What you will do
Repeat the lines from the line with "satisfy ne demek, anlamı" to the line with "kunstleer, zwart/grijs, 70541" in the listing below, keeping both end lines and adding nothing.

Records shown
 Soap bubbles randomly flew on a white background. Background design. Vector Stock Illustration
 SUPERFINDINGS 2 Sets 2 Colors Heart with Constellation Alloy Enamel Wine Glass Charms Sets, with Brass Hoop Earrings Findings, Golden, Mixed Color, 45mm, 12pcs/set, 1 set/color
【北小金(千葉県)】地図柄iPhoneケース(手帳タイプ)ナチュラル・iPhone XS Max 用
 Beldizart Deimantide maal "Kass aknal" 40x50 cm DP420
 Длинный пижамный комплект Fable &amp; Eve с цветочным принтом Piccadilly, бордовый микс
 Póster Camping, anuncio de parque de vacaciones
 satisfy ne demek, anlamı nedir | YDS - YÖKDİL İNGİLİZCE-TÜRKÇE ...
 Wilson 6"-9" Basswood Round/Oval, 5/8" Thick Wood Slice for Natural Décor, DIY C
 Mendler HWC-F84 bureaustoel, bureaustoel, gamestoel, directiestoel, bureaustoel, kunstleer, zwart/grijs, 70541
* * *
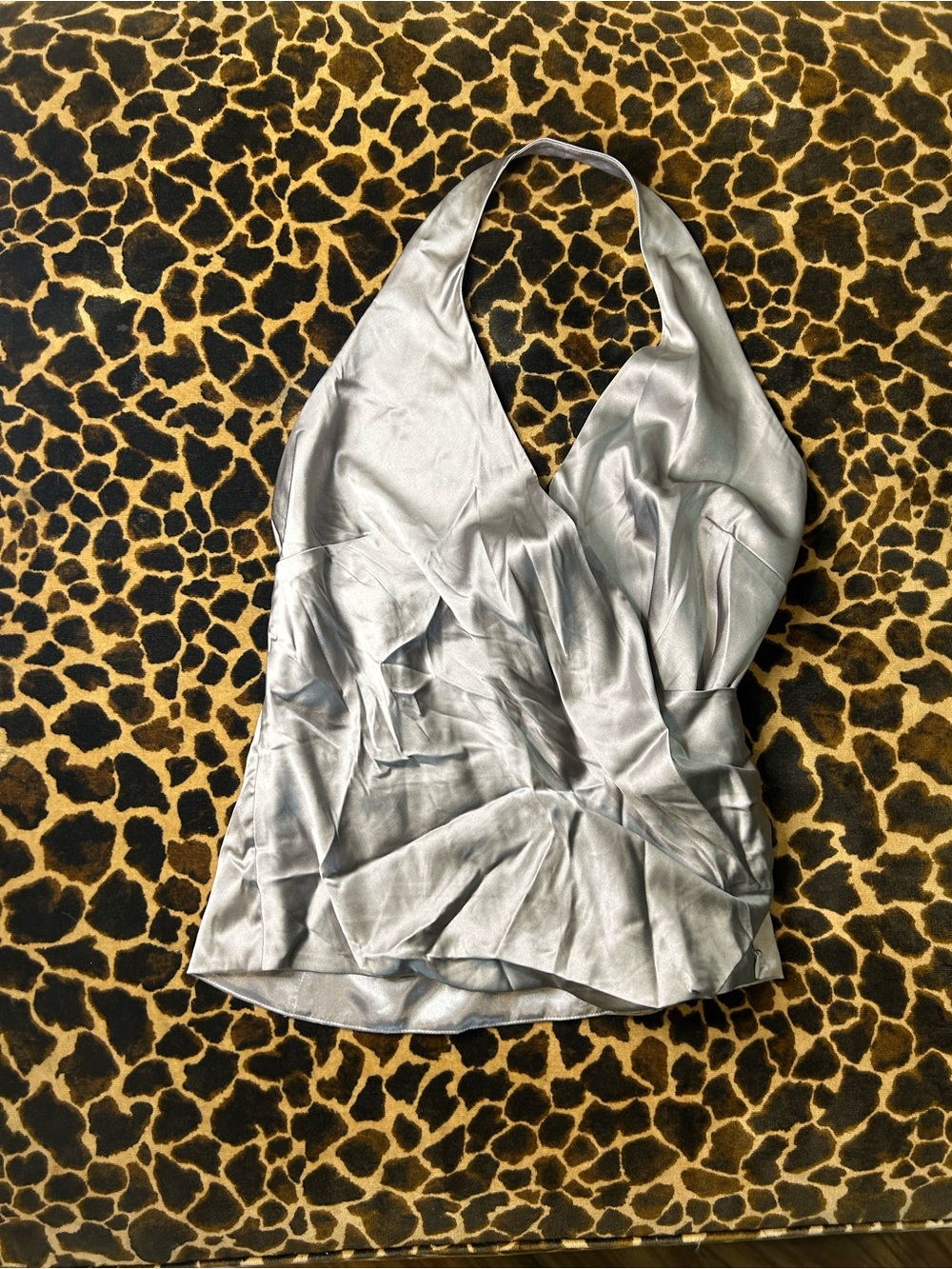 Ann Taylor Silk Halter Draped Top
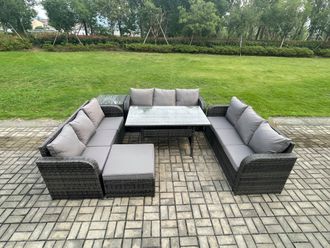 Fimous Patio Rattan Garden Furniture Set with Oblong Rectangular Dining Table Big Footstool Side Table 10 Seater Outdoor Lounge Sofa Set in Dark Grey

Exercise response
 satisfy ne demek, anlamı nedir | YDS - YÖKDİL İNGİLİZCE-TÜRKÇE ...
 Wilson 6"-9" Basswood Round/Oval, 5/8" Thick Wood Slice for Natural Décor, DIY C
 Mendler HWC-F84 bureaustoel, bureaustoel, gamestoel, directiestoel, bureaustoel, kunstleer, zwart/grijs, 70541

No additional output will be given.